Aarabi's company, Modiface, has created the HairMixer site that lets people try out celebrity hair styles on their own faces. It was his decade of research in computer vision and image processing that powered this application.
I used this application, as you can tell from the photo. It's a site where you submit your own photo and within seconds can see how you would look with a celebrity's hair-do. In this case, I tried out Jessica Simpson. About 15 million people are trying it out every month and mailing the results to their friends. And about 200,000 people have signed up for a version of HairMixer on Facebook since it launched in December.
"It's been a very surprising direction," said Aarabi, a professor of electrical engineering at the University of Toronto. "I started it on a sabbatical. The growth has been surprising."

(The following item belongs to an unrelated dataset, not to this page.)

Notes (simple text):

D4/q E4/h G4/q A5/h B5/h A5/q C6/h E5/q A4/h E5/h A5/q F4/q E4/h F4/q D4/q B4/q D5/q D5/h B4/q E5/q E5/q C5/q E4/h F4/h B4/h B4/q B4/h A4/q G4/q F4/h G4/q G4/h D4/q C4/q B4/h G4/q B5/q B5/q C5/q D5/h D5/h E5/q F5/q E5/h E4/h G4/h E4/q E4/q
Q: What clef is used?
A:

After spending all that time researching algorithms that could lead to automatic face detection and analysis, Aarabi started Toronto-based Modiface with Alireza Rabi in 2006. Since then, the nine-person company has created a bunch of web applications that morph facial features. And it has partnered with a variety of companies that are using it to amuse and educate millions of consumers on the Internet.


TheHairStyler.com allow you to do makeovers, but they often require manual procedures and don't compute the results instantaneously.

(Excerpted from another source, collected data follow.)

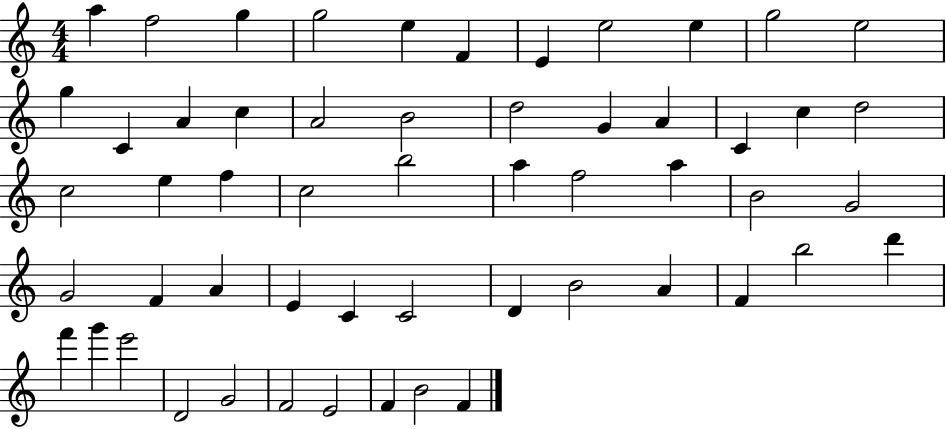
X:1
T:Untitled
M:4/4
L:1/4
K:C
a f2 g g2 e F E e2 e g2 e2 g C A c A2 B2 d2 G A C c d2 c2 e f c2 b2 a f2 a B2 G2 G2 F A E C C2 D B2 A F b2 d' f' g' e'2 D2 G2 F2 E2 F B2 F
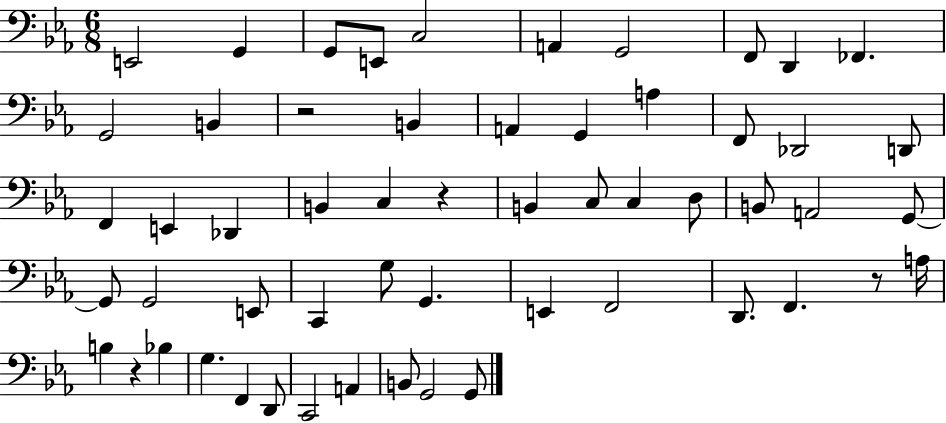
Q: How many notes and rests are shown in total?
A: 56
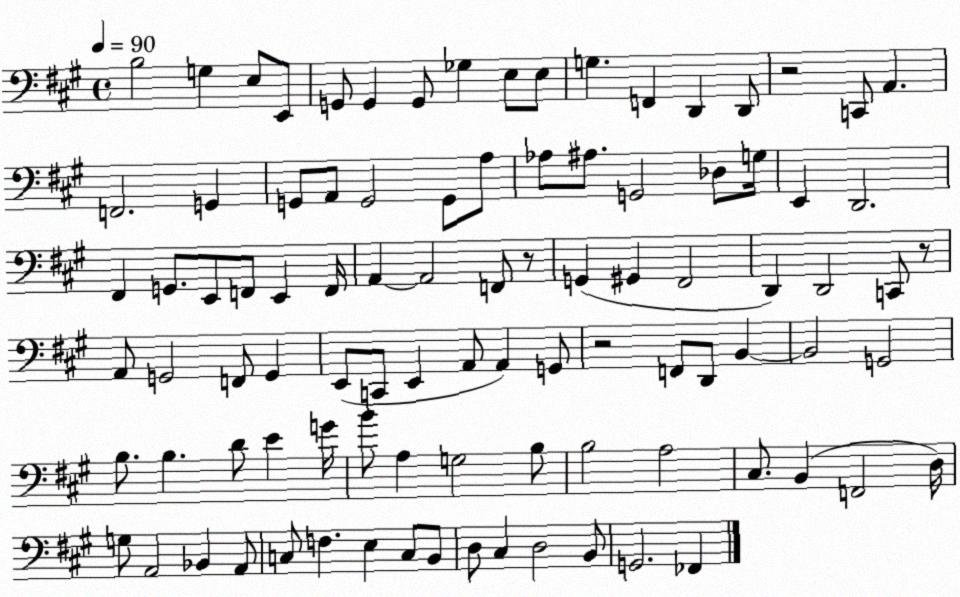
X:1
T:Untitled
M:4/4
L:1/4
K:A
B,2 G, E,/2 E,,/2 G,,/2 G,, G,,/2 _G, E,/2 E,/2 G, F,, D,, D,,/2 z2 C,,/2 A,, F,,2 G,, G,,/2 A,,/2 G,,2 G,,/2 A,/2 _A,/2 ^A,/2 G,,2 _D,/2 G,/4 E,, D,,2 ^F,, G,,/2 E,,/2 F,,/2 E,, F,,/4 A,, A,,2 F,,/2 z/2 G,, ^G,, ^F,,2 D,, D,,2 C,,/2 z/2 A,,/2 G,,2 F,,/2 G,, E,,/2 C,,/2 E,, A,,/2 A,, G,,/2 z2 F,,/2 D,,/2 B,, B,,2 G,,2 B,/2 B, D/2 E G/4 B/2 A, G,2 B,/2 B,2 A,2 ^C,/2 B,, F,,2 D,/4 G,/2 A,,2 _B,, A,,/2 C,/2 F, E, C,/2 B,,/2 D,/2 ^C, D,2 B,,/2 G,,2 _F,,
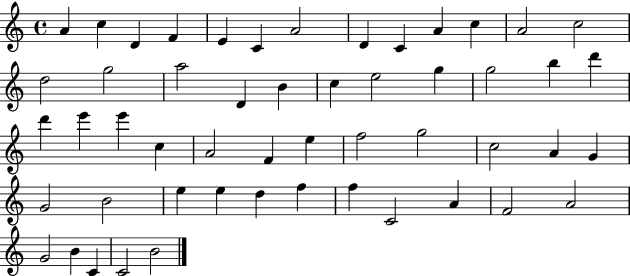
{
  \clef treble
  \time 4/4
  \defaultTimeSignature
  \key c \major
  a'4 c''4 d'4 f'4 | e'4 c'4 a'2 | d'4 c'4 a'4 c''4 | a'2 c''2 | \break d''2 g''2 | a''2 d'4 b'4 | c''4 e''2 g''4 | g''2 b''4 d'''4 | \break d'''4 e'''4 e'''4 c''4 | a'2 f'4 e''4 | f''2 g''2 | c''2 a'4 g'4 | \break g'2 b'2 | e''4 e''4 d''4 f''4 | f''4 c'2 a'4 | f'2 a'2 | \break g'2 b'4 c'4 | c'2 b'2 | \bar "|."
}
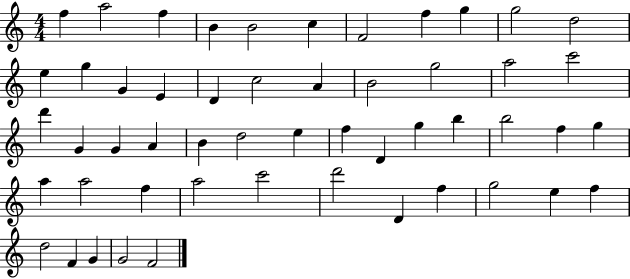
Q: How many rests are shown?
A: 0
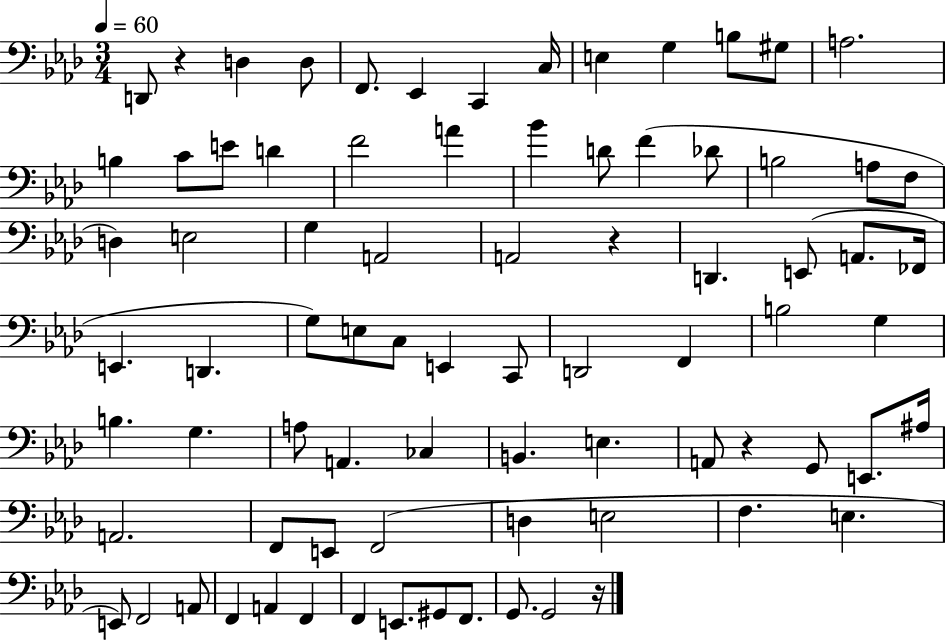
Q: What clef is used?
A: bass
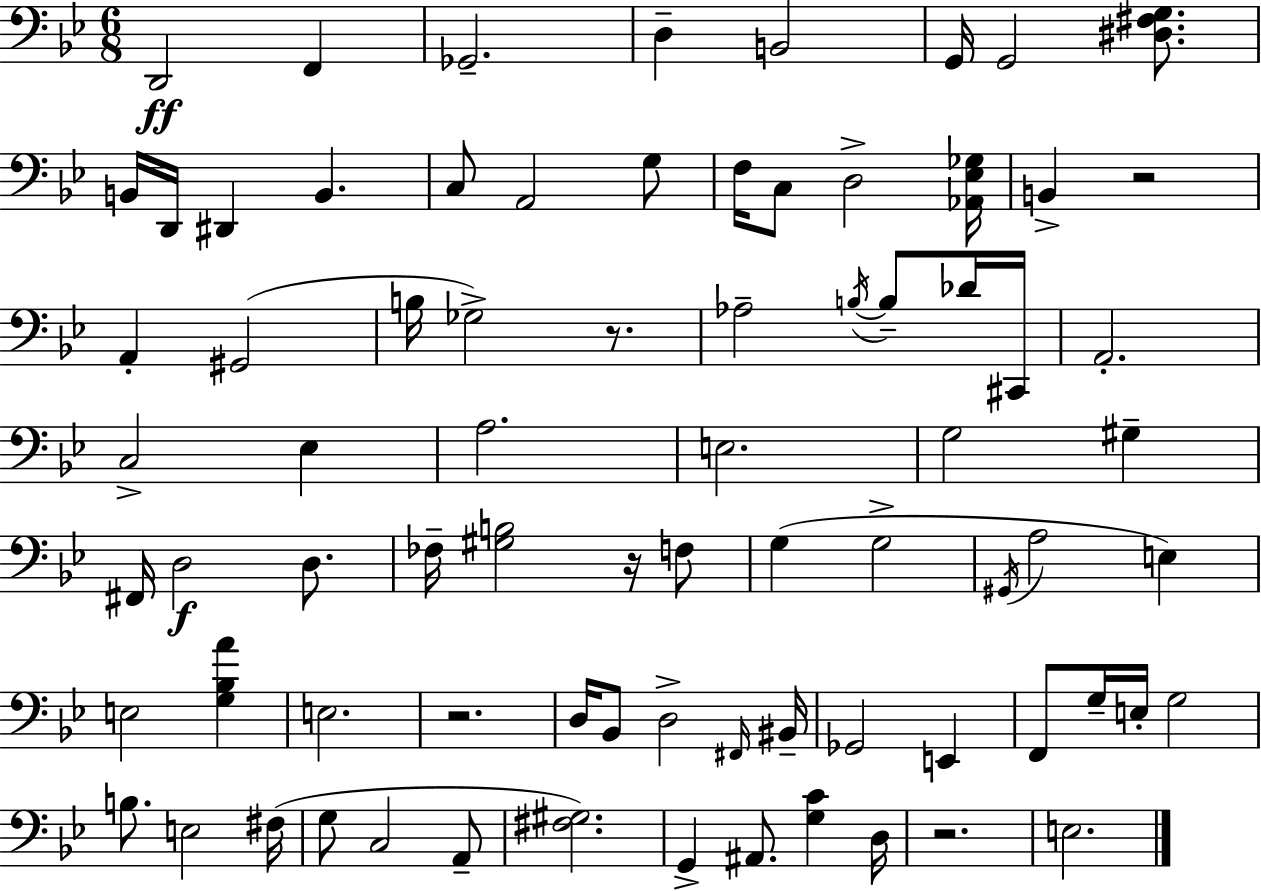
D2/h F2/q Gb2/h. D3/q B2/h G2/s G2/h [D#3,F#3,G3]/e. B2/s D2/s D#2/q B2/q. C3/e A2/h G3/e F3/s C3/e D3/h [Ab2,Eb3,Gb3]/s B2/q R/h A2/q G#2/h B3/s Gb3/h R/e. Ab3/h B3/s B3/e Db4/s C#2/s A2/h. C3/h Eb3/q A3/h. E3/h. G3/h G#3/q F#2/s D3/h D3/e. FES3/s [G#3,B3]/h R/s F3/e G3/q G3/h G#2/s A3/h E3/q E3/h [G3,Bb3,A4]/q E3/h. R/h. D3/s Bb2/e D3/h F#2/s BIS2/s Gb2/h E2/q F2/e G3/s E3/s G3/h B3/e. E3/h F#3/s G3/e C3/h A2/e [F#3,G#3]/h. G2/q A#2/e. [G3,C4]/q D3/s R/h. E3/h.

There's also Photochop (see our coverage), now called Zeroflaws, which lets you change any part of your body, such as an instant belly tuck.

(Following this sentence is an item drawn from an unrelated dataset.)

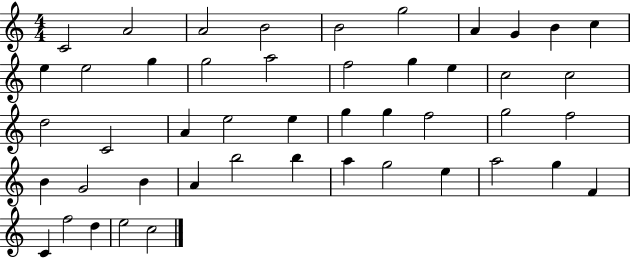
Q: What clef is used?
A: treble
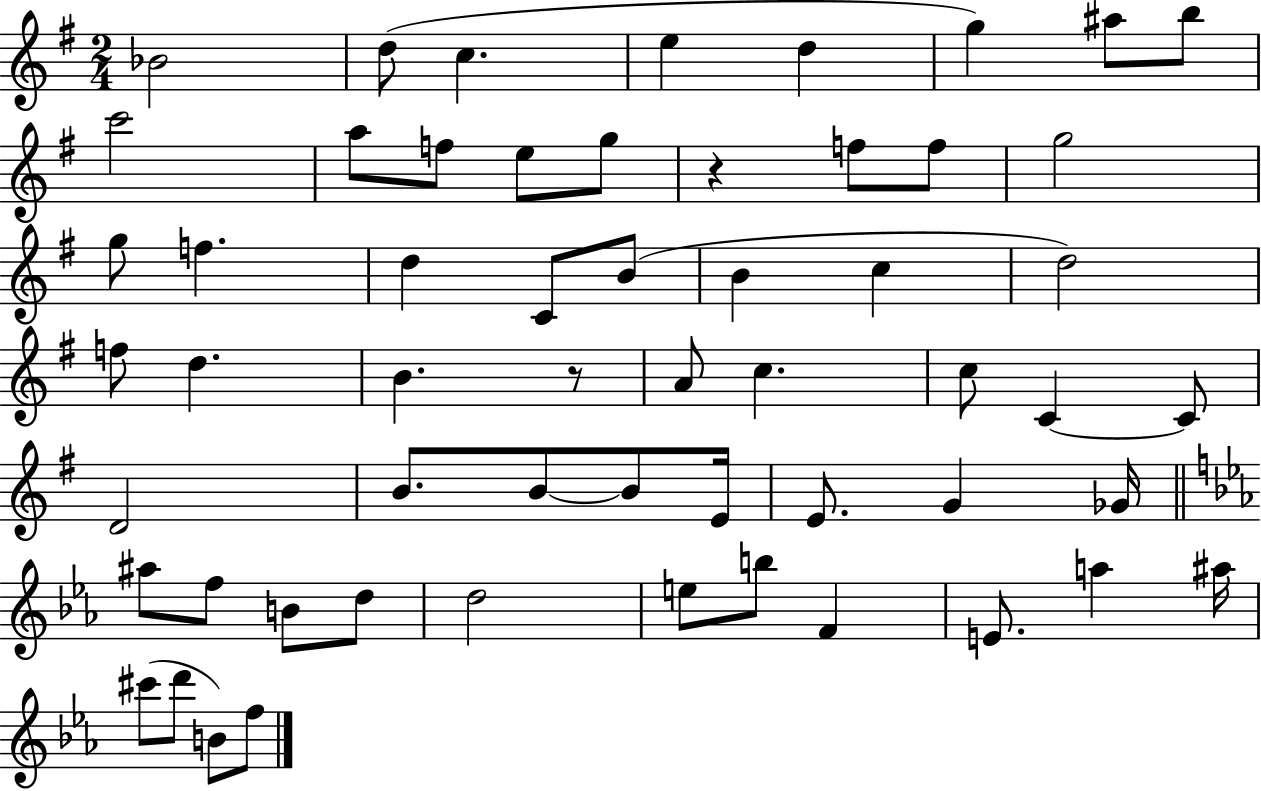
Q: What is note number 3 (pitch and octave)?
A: C5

"We do face visualization," Aarabi said. "We can show what someone would look like with plastic surgery, a different hair style, and Botox. We can take away age on a face within seconds with our tool." All of Modiface's partner sites combined are getting about 25 million visitors a month. The HairMixer.com site does more than 500,000 hair-style visualizations a day, with about 85 percent of them done by women over 25. The company generates revenue from ads on the sites but the partnerships are the main source of revenue. Now it's a big business for Aarabi that is funding itself. So much so that he doesn't feel a need to raise any capital. He says the company has a wide variety of patents on the technology.